Me refiero, claro, a la Biblia. No se me negará que, al menos en lo que al Antiguo Testamento se refiere, el sagrado mamotreto está lleno de robos, asesinatos, violaciones, matanzas y genocidios. Es más, ya en su primera parte, el Génesis, aparece el primer homicidio de la Historia de la Humanidad —cuando Caín revienta a Abel— y su investigación por parte de las autoridades o, por decirlo mejor, por parte de la única autoridad que había entonces: Dios. Es uno de los cuentos más antiguos de la Humanidad y, mira por dónde, también es la primera resolución de un caso de asesinato aunque, en esta ocasión, como el investigador es Dios, la verdad se averigua enseguida. Se lo recuerdo: cuando Dios le pregunta a Caín dónde está Abel, el, hasta ese momento, presunto asesino le contesta aquello de: ¿Acaso soy yo el guardián de mi hermano? a lo que Dios le responde: ¿Qué has hecho? ¡Escucha! La sangre de tu hermano clama desde el suelo. Ahora estás maldito y la tierra, que abrió su boca para recibir la sangre de tu hermano rechazará tu mano. Como puede verse, el mismo Dios aporta la prueba de cargo para resolver el caso y eso que, como Todopoderoso, ya lo sabía con anterioridad, pero aún así muestra la evidencia ante el sospechoso que, como no podía ser de otra manera, confiesa.
También en la Biblia podemos encontrar otro par de relatos donde se resuelve un misterio, no gracias a la intervención divina, sino gracias a la inteligencia de un investigador que no es cualquiera, sino un profeta. En el Libro de Daniel hay dos historias que convierten a Daniel (cuyo nombre en hebreo quiere decir Dios es mi juez) en uno de los primeros detectives de la Historia.

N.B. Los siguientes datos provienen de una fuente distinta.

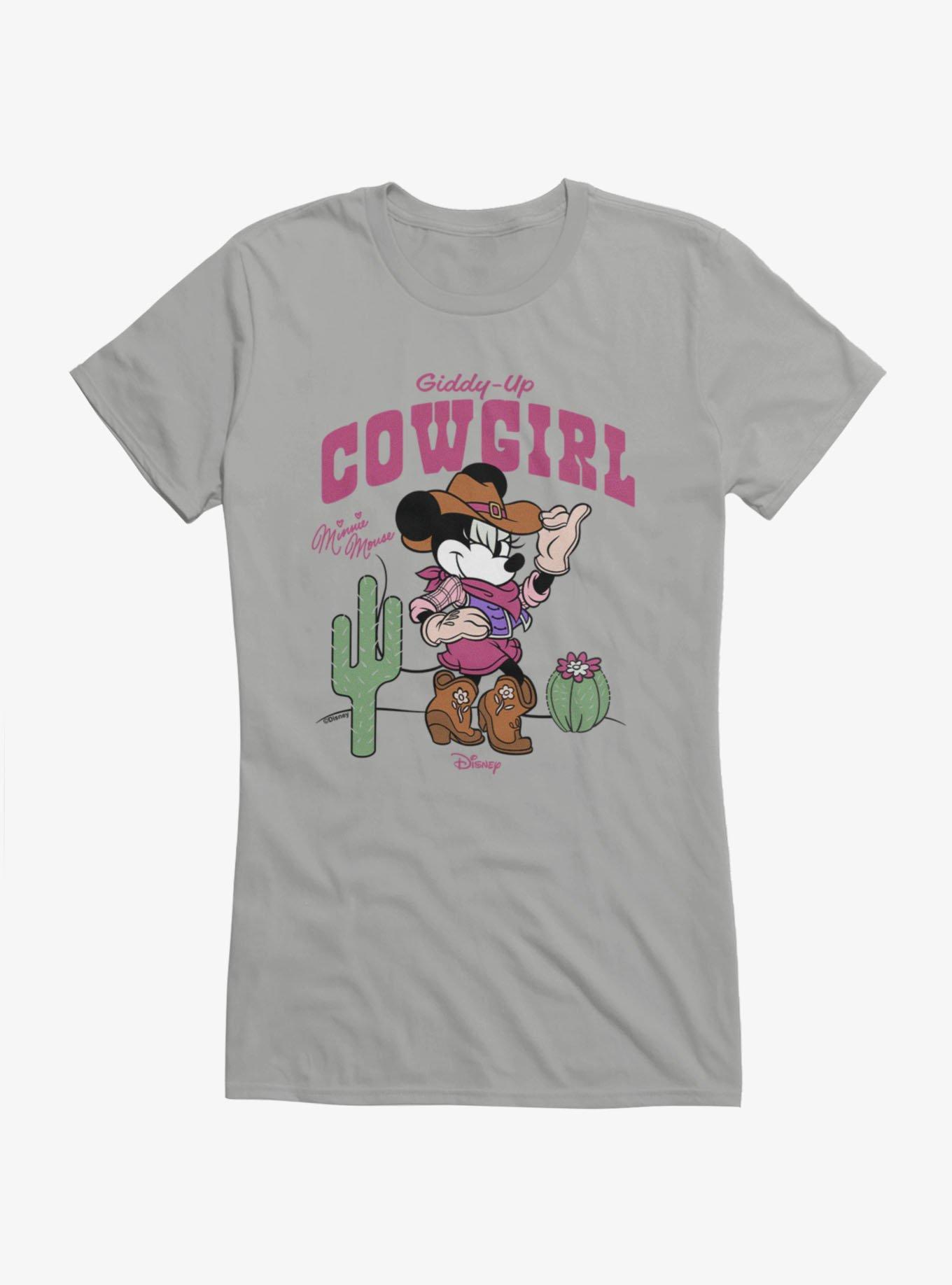 Disney Minnie Mouse Giddy Up Cowgirl Girls T-Shirt, , hi-res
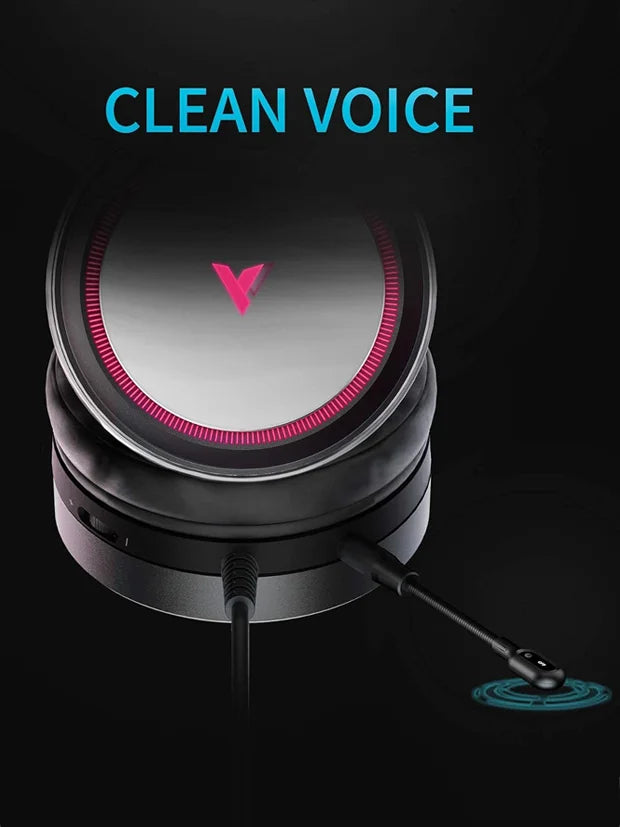 Rapoo VH530 USB Gaming Headset 7.1 Surround Sound With Boom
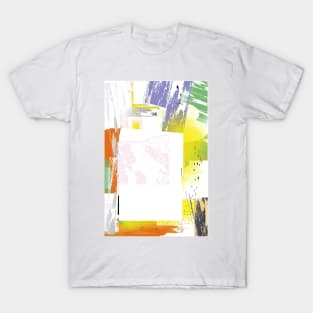 Abstract Border T-Shirt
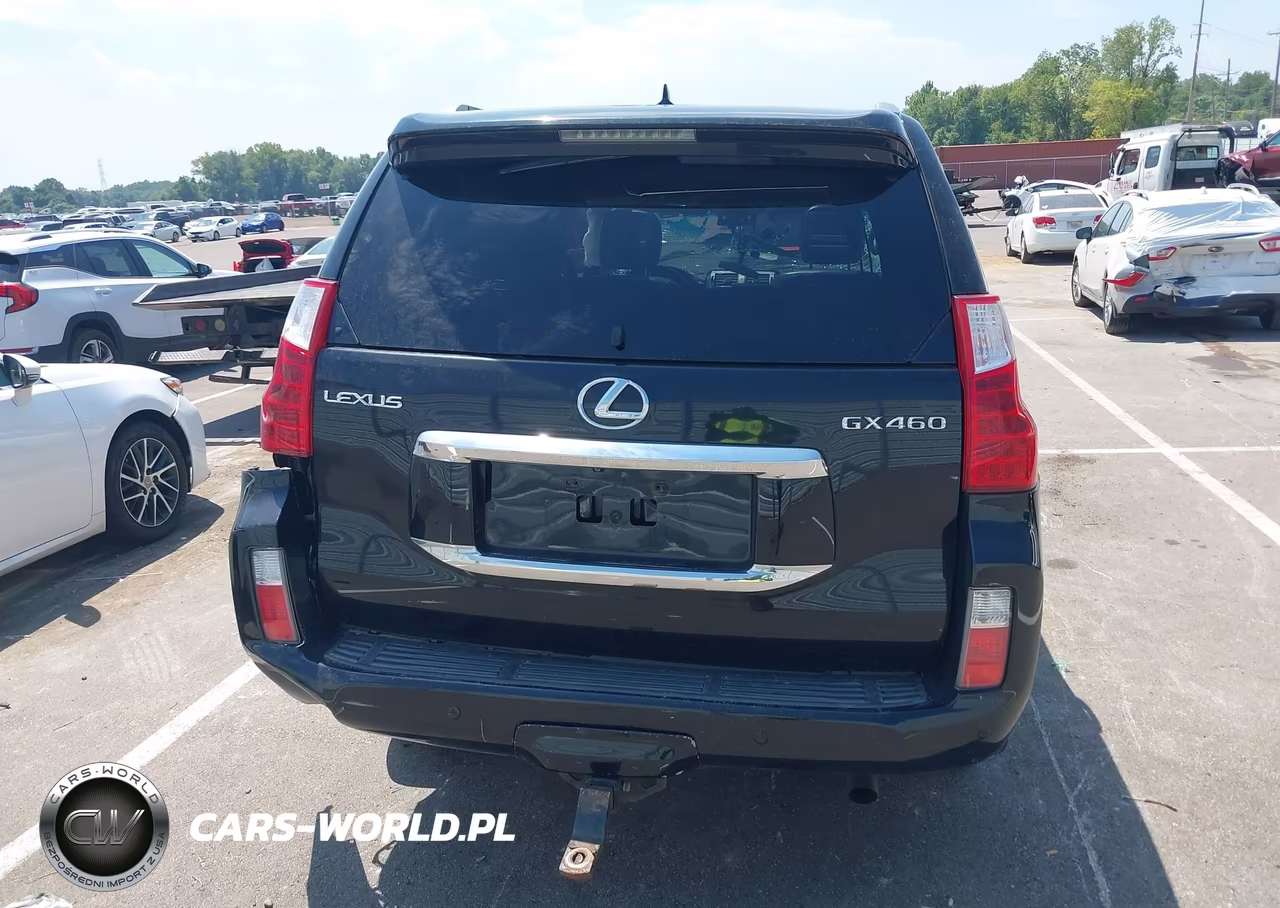 2010 Lexus Gx 460 Premium VIN:JTJJM7FXXA5016505 - 17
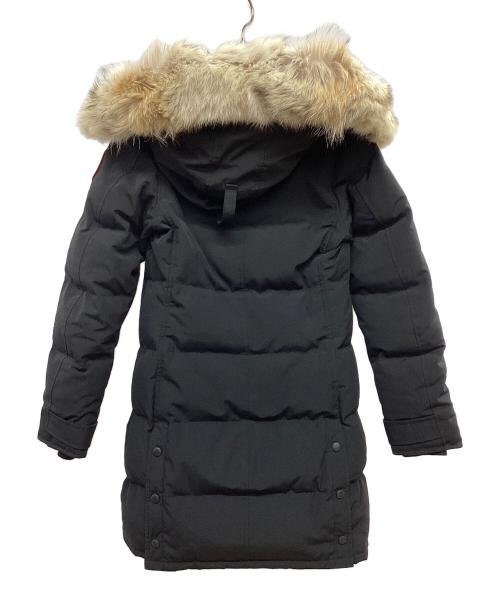 CANADA GOOSE（カナダグース）CANADA GOOSE (カナダグース) Mackenzie Parka Heritage(マッケンジーパーカヘリテージ) ブラック サイズ:Sの古着・服飾アイテム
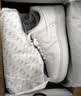 耐克NIKE男空军一号AF1 运动鞋CW2288-111白41 实拍图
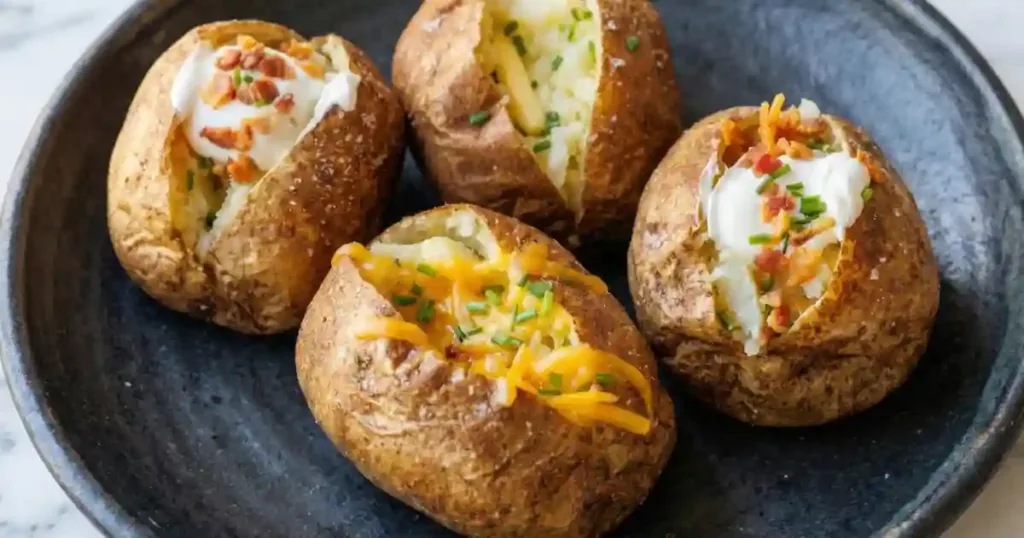 air fryer baked potato recipe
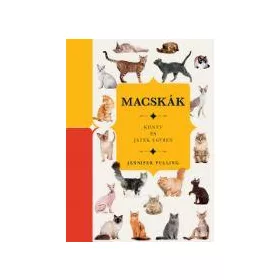 MACSKÁK - KÖNYV ÉS JÁTÉK EGYBEN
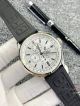 Knockoff Breitling Premier Chronograph Watches Silver Dial Brown Leather Strap (4)_th.jpg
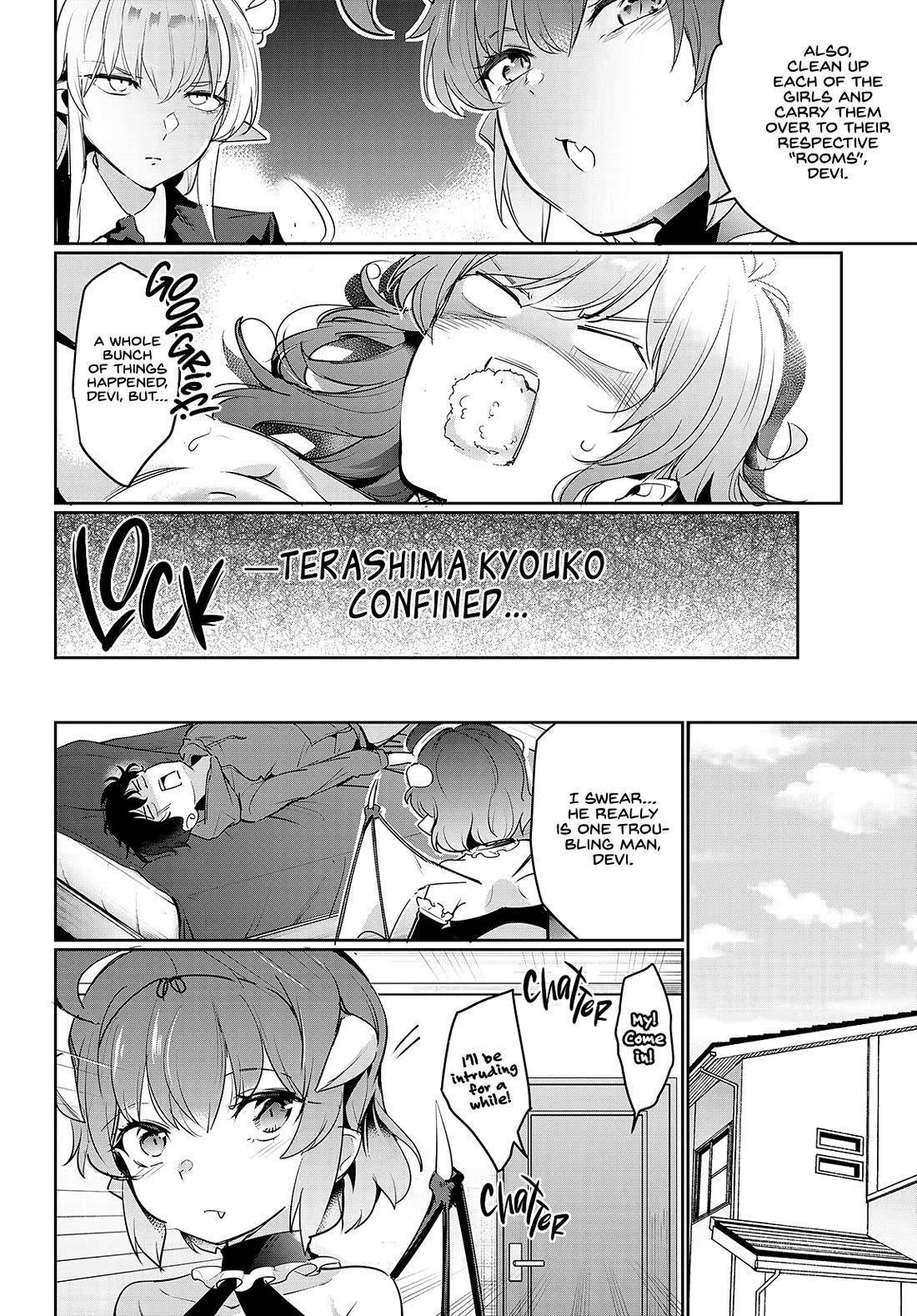 Confinement King - Chapter 20 [photo 36] - MangaPorn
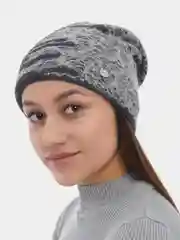 Угольный шапка вязаная Korkki из мохера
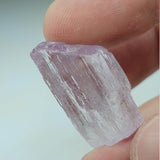 Natural Kunzite Crystal, 37.00 carat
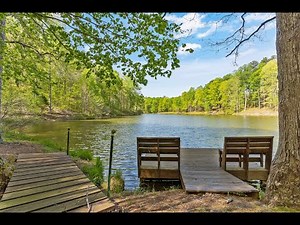 Lake Home for Sale | Dawsonville | Private Dock | Stocked Lake | Acreage | Sherry & Co Real Estate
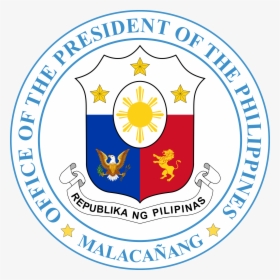 Transparent Presidential Seal Png - Office Of The President Logo Philippines, Png Download, Transparent PNG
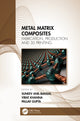 Book cover of: Metal Matrix Composites. By: Suneev Anil Bansal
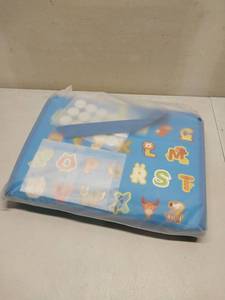 lot 53557 image: FACTORY SEALED - Kickduck Busy Board Montessori Toys for 3 4 Year Old Boys & Girls Birthday Gifts, Educational Activity Sensory Board Preschool Learning Toys for Toddlers, Travel Toys for Airplane (Noahs Ark) - Retail $23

La primera fábula es la conocidísima de Susana y los viejos. Susana es una bella judía que vive en el exilio de Babilonia cuando es sorprendida por dos ancianos mientras se baña. Como no consiente en acostarse con ellos, los ancianos le acusan de adulterio y es condenada a morir lapidada. Cuando camina hacia su terrible ejecución, el profeta Daniel, entonces un niño, detiene el cortejo e interroga a los dos viejos pervertidos que caen en numerosas contradicciones y se revela así la falsedad de su testimonio, por lo que son ellos los condenados a muerte. En otro relato del Libro Profético, Daniel —ya adulto— desenmascara a los sacerdotes del dios Bel, a quien el pueblo entregaba comida y bebida cada noche como tributo y que, según ellos, era consumida por la divinidad. Cada noche, las ofrendas desaparecían misteriosamente, pero un día, Daniel espolvorea harina en el suelo del templo y a la mañana siguiente, las huellas en el piso y los restos de polvo blanco en las suelas de las sandalias de los sacerdotes revelan el engaño. Aquí, no hay intervención de Dios, sino que es el ingenio de un hombre el que deshace el misterio.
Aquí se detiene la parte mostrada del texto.